Work instruction -
Transcribe each line of the material with no alterations.

Supplied entries -
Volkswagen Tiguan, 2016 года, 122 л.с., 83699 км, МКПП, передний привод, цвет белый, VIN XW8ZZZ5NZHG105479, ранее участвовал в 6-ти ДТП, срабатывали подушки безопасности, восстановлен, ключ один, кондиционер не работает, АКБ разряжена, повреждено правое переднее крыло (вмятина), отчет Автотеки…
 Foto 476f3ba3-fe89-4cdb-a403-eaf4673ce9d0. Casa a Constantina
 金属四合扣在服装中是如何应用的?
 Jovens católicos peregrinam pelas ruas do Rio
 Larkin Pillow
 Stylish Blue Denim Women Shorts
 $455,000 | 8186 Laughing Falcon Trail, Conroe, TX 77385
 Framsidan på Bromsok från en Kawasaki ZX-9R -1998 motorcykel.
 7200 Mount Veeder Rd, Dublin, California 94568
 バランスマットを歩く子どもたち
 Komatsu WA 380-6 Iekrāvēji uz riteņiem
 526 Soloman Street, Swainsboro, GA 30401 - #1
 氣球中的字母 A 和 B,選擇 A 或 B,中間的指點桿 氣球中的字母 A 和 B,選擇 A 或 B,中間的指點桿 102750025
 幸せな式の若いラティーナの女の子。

Written reply -
Volkswagen Tiguan, 2016 года, 122 л.с., 83699 км, МКПП, передний привод, цвет белый, VIN XW8ZZZ5NZHG105479, ранее участвовал в 6-ти ДТП, срабатывали подушки безопасности, восстановлен, ключ один, кондиционер не работает, АКБ разряжена, повреждено правое переднее крыло (вмятина), отчет Автотеки…
 Foto 476f3ba3-fe89-4cdb-a403-eaf4673ce9d0. Casa a Constantina
 金属四合扣在服装中是如何应用的?
 Jovens católicos peregrinam pelas ruas do Rio
 Larkin Pillow
 Stylish Blue Denim Women Shorts
 $455,000 | 8186 Laughing Falcon Trail, Conroe, TX 77385
 Framsidan på Bromsok från en Kawasaki ZX-9R -1998 motorcykel.
 7200 Mount Veeder Rd, Dublin, California 94568
 バランスマットを歩く子どもたち
 Komatsu WA 380-6 Iekrāvēji uz riteņiem
 526 Soloman Street, Swainsboro, GA 30401 - #1
 氣球中的字母 A 和 B,選擇 A 或 B,中間的指點桿 氣球中的字母 A 和 B,選擇 A 或 B,中間的指點桿 102750025
 幸せな式の若いラティーナの女の子。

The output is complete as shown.